Wednesday, May 17, 2006
Twenty-one years since the diagnosis and I'm in kind of a reflective mood. I'm thinking about what has improved during the intervening years, what's actually worse and what could do with a huge upgrade.
In 1985 Type 1 diabetes was called Juvenile Diabetes or Insulin Dependent Diabetes (IDD) and pork and beef insulin was still being prescribed. But a growing number of people were taking the new "human" insulin, many of whom I seem to recall, blamed it for loss of hypo warning signs. When I was diagnosed, I was more concerned that the human insulin didn't come from actual humans, and when I was reassured that it was manufactured, that I got that rather than animal insulin (I was a recovering vegetarian at that time).
I was taught to use a syringe and told I could either mix the basal Ultratard with the bolus Actrapid or shoot it on its own before bedtime. As I was so befuddled I couldn't cope with mixing the stuff (hugely complicated), I opted for four rather than three shots a day. A little while later I discovered the diabetic nurse (that's the nurse who worked with diabetics and who had juvenile diabetes) used a Novopen and I had to have one. Before I left the office, please.
There was some sort of deal with the purchase of a special meter, buy one get a Novopen free (plus ça change, plus c'est la meme chose), so I got a cool Novopen, and I loved it. Everyone thought it was a real pen and people were upset when I told them they could not borrow it. Still it was three shots of Actrapid and one of Ultratard and though I've changed insulins I'm still shooting up at least four times a day. This definitely needs improving.

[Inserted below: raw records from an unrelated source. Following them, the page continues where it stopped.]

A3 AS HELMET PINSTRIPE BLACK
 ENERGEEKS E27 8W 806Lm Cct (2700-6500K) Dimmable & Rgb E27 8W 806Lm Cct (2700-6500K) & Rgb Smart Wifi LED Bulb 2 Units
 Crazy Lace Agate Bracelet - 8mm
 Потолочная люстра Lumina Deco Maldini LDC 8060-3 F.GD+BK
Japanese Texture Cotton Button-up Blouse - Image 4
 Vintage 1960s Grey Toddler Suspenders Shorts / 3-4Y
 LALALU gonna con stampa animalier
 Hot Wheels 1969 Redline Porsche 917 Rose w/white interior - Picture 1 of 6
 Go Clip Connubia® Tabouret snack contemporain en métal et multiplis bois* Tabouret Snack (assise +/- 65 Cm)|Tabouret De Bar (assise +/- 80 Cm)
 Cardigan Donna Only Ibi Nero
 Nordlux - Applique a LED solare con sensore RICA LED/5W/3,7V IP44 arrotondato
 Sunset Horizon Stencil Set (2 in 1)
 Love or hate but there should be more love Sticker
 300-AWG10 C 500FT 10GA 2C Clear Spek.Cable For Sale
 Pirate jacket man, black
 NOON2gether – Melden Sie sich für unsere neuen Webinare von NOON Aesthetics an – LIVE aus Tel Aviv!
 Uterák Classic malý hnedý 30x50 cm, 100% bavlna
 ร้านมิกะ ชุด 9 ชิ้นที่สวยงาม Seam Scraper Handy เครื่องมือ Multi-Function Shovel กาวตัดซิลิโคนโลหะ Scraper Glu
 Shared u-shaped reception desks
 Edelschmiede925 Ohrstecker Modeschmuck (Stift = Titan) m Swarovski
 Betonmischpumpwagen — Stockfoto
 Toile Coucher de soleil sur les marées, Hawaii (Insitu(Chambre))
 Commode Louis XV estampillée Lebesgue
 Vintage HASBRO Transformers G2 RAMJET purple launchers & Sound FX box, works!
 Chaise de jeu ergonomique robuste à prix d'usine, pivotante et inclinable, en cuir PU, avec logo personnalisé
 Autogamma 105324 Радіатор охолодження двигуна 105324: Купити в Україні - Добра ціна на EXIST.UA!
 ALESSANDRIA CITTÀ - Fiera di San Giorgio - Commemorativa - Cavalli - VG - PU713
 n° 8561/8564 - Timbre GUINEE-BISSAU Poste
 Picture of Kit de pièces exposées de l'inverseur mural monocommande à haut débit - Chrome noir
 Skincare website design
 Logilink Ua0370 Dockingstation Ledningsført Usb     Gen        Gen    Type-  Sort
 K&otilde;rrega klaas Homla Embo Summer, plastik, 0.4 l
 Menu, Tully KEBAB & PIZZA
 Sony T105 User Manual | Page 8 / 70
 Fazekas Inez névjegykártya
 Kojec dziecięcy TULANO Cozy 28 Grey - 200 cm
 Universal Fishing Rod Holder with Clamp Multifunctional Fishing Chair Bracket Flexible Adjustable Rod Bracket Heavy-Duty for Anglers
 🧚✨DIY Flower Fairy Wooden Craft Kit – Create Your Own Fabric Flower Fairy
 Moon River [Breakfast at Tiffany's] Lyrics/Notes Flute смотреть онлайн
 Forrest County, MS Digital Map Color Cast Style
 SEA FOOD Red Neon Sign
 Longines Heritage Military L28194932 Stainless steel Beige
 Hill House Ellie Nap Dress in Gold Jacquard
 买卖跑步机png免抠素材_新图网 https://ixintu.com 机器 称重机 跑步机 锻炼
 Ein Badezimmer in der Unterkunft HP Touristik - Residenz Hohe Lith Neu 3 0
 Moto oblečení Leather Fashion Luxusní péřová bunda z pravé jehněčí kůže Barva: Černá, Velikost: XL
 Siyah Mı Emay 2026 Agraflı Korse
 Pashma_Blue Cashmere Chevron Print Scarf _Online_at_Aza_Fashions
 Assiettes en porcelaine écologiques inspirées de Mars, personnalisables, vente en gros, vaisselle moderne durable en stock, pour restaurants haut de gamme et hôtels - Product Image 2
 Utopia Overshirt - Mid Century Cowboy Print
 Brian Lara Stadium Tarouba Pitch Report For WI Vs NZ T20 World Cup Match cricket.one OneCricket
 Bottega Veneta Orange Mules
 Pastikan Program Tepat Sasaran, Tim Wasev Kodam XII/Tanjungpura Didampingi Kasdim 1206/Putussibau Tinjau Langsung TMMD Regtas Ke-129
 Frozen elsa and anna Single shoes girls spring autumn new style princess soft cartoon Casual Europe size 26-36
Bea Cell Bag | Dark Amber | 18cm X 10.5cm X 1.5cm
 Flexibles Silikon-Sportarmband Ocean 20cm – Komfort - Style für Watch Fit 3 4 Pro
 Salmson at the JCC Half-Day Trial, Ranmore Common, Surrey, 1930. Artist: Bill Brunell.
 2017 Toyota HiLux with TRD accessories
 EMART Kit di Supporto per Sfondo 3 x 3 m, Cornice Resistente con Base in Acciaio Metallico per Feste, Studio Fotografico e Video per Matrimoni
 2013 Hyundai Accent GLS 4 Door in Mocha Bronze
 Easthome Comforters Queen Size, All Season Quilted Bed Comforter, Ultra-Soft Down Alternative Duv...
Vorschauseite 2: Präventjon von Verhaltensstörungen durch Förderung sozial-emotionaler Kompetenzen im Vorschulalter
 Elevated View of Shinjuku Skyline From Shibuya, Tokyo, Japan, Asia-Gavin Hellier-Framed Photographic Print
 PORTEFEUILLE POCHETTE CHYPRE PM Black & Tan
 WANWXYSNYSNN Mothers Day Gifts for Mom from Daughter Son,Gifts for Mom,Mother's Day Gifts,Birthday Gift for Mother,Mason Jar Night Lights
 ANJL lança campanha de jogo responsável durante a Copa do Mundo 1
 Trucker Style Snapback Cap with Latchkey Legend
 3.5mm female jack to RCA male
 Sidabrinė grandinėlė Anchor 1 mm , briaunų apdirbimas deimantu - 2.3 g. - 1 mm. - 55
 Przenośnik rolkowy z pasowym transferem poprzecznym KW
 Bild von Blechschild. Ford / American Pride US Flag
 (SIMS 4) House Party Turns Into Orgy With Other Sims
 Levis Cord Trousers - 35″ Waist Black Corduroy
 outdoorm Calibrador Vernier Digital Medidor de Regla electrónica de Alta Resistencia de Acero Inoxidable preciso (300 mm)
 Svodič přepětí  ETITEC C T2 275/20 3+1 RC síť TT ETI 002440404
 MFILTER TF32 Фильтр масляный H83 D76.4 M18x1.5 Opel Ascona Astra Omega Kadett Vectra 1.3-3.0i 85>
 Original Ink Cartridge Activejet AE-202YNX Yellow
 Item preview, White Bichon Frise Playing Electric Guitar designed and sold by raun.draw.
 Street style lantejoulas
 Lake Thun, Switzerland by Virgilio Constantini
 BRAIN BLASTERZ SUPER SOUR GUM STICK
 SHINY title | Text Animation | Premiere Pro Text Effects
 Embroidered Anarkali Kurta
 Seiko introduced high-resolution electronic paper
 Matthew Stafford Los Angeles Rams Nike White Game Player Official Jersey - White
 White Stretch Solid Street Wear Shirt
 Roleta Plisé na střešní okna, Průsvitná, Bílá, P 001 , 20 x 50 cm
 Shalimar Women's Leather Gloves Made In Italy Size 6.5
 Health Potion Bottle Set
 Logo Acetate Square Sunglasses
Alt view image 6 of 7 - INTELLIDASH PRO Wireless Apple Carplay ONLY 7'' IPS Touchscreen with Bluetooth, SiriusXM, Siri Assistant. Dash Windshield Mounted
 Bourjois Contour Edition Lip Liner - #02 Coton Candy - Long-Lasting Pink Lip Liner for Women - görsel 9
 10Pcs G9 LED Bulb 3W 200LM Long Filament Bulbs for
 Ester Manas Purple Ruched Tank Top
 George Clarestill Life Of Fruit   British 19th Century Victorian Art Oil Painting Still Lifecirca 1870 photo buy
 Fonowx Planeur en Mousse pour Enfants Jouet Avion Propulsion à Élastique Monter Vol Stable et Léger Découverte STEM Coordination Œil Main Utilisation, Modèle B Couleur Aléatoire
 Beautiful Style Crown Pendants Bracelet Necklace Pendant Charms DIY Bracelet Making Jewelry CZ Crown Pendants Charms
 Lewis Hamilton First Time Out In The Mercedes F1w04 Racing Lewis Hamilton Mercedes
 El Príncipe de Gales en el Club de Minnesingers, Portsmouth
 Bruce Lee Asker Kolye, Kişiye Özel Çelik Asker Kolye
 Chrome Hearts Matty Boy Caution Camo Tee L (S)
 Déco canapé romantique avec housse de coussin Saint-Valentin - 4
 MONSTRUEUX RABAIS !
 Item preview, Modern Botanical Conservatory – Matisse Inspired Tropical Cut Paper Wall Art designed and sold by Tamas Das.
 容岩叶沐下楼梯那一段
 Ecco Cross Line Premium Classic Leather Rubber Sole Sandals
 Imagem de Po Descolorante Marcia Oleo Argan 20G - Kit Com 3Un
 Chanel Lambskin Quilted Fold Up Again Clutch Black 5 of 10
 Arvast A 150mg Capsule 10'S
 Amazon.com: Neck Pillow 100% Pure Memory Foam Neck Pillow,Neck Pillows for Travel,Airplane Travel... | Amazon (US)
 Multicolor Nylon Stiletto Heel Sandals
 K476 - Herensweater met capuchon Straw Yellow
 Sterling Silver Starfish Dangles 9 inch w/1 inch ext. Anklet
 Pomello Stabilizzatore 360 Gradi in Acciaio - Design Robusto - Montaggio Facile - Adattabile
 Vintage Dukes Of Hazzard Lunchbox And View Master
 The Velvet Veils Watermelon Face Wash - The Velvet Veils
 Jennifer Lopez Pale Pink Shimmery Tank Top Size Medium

Eventually the Novopen was replaced by Novopen II, nasty, plasticky beige but with one great feature: you could take your shot and the number remained displayed until you used the pen again. So if you were on a sliding scale and were the forgetful type you could see if you had taken your shot or not. In those days I had to take the shot 30 mins before a meal and I could forget a lot of things in that half-hour. Unfortunately the plastic locking mechanism wasn't very sturdy and the pens broke easily. A few years later and U-40 insulin became U-100 and I had to swap to a Novopen III. That was upgraded and it no longer showed the last number dialed, so I now had to remember if I had had a shot or not. Definitely worse.
Now I have disposable Humalog pens. They are so ugly, much bigger than they need be and no-one is going to mistake them for a Bic. Plus, I feel I'm using up the earth's resources at an alarming rate. What happens to all that plastic?
As for meters, I'm on my fourth. I loved my Glucoscan II so much. It had a huge display, 30 second wait compared to 60 seconds of other meters, it was simple to use, and was slim. It sat in a vinyl wallet, strips on one side in their foil packages, meter, lancets and sticker on the other side. Looked great, worked great.
When it finally died, my parents bought be the AccuCheck meter and I hated that machine with a passion. It was truly the worst designed meter I have ever seen, the size of a brick and an unappetizing generic grey colour. The strips came in a tube and I could never get the top off. I either had to ask someone to help or I wrestle it off with a knife and end up with strips all over the floor and, once or twice, a nasty gash to my finger. It was also so complicated and gave so many false readings I went out and bought myself a new One Touch Ultra.
The improvement here was a five second wait for results and it was tiny. But it didn't do much else. Then the big upgrade to One Touch UltraSmart. I know I've complained about this meter elsewhere, largely because it isn't Mac compatible but there is the facility to record insulin intake and carbs, fats, protein; it gives weekly, monthly and three-monthly averages, it even lets you record doctors' appointments.
What I'd like now is a meter that has a better screen, that comes with a keyboard so I can type in additional information and that wirelessly interfaces with my Mac. Manufacturers are you listening?
I remember the endocrinologist coming to see me while I was in the hospital and telling me two things: it was the best time in history to be diagnosed with diabetes and that there would be a cure within the next ten to twenty years. Well, I think he may have been right on the first one, and a lot of things have got better, especially the advocacy and activism and support of other people with diabetes but as for the second, I'm celebrating twenty-one relatively healthy years living with diabetes but I don't see that a cure is any nearer now than it was then.